§ **Data under study**
=== Begin Enclosure ===

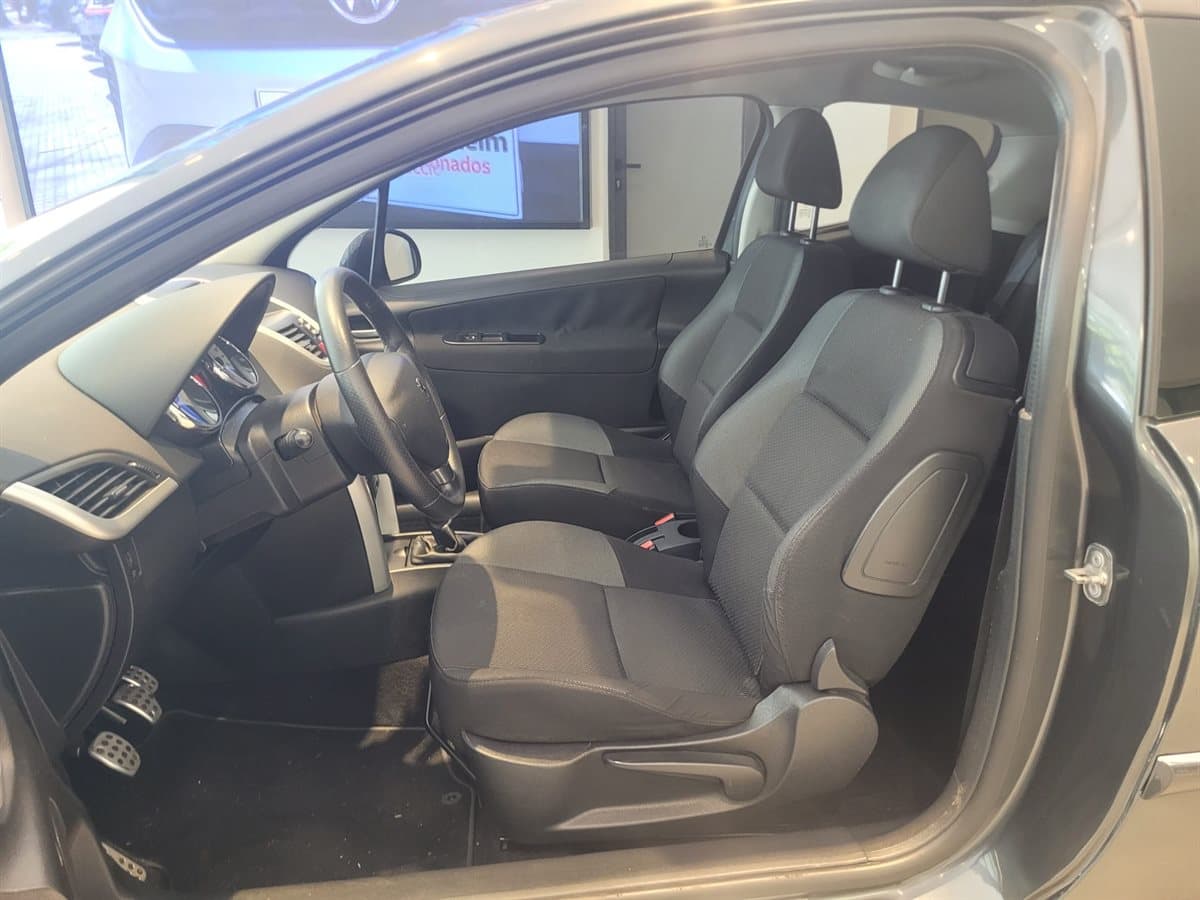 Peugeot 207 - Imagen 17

=== End Enclosure ===
=== Begin Enclosure ===

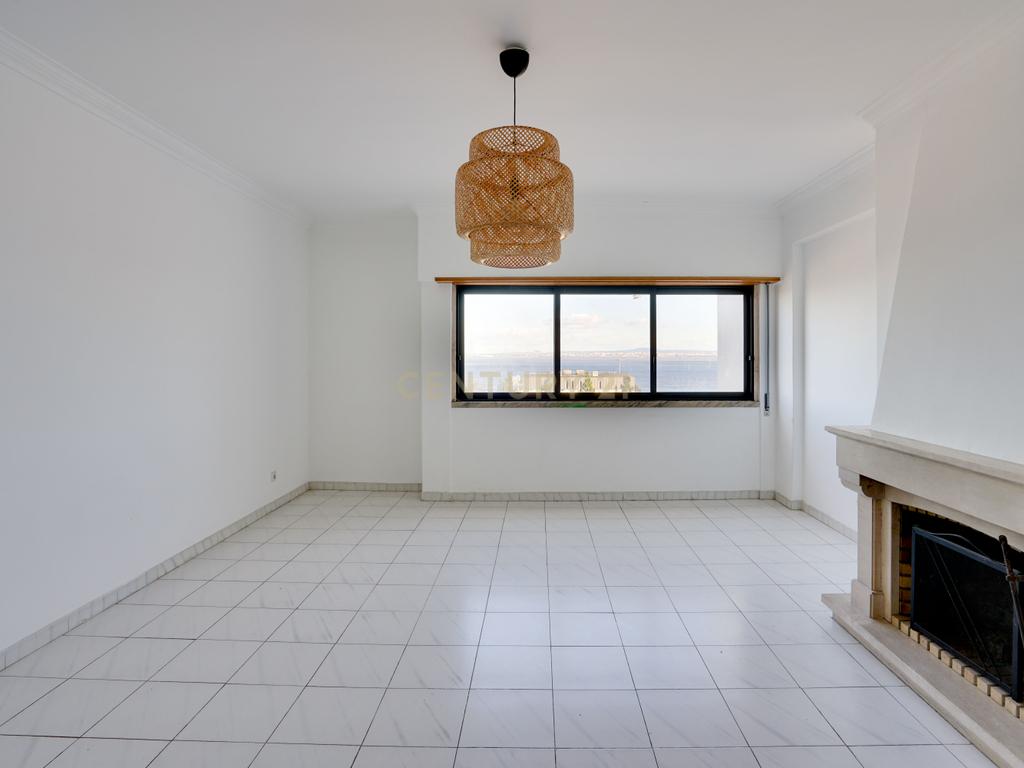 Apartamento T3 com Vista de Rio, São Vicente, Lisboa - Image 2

=== End Enclosure ===
=== Begin Enclosure ===

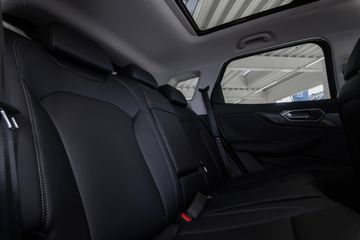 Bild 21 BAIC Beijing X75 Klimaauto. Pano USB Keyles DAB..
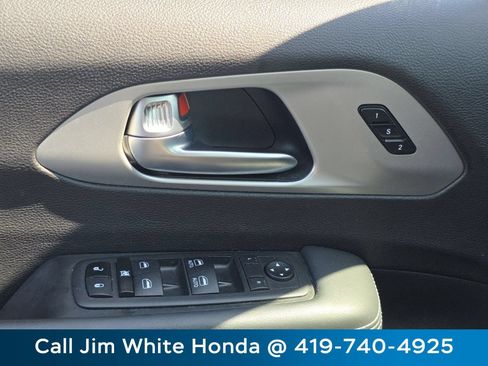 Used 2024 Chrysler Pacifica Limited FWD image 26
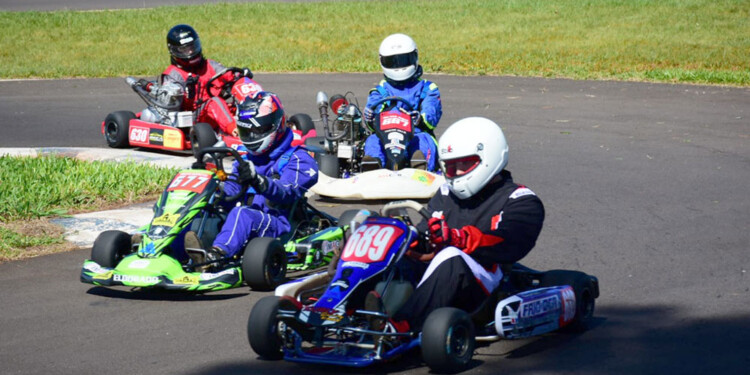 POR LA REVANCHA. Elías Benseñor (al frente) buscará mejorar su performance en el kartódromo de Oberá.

=== End Enclosure ===

Every line from the one with "Used 2024 Chrysler" through the one with "POR LA REVANCHA." is to be reproduced exactly as written above, and the pictures are to be dropped.

§ **Solution to this problem**
 Used 2024 Chrysler Pacifica Limited FWD image 26
 POR LA REVANCHA. Elías Benseñor (al frente) buscará mejorar su performance en el kartódromo de Oberá.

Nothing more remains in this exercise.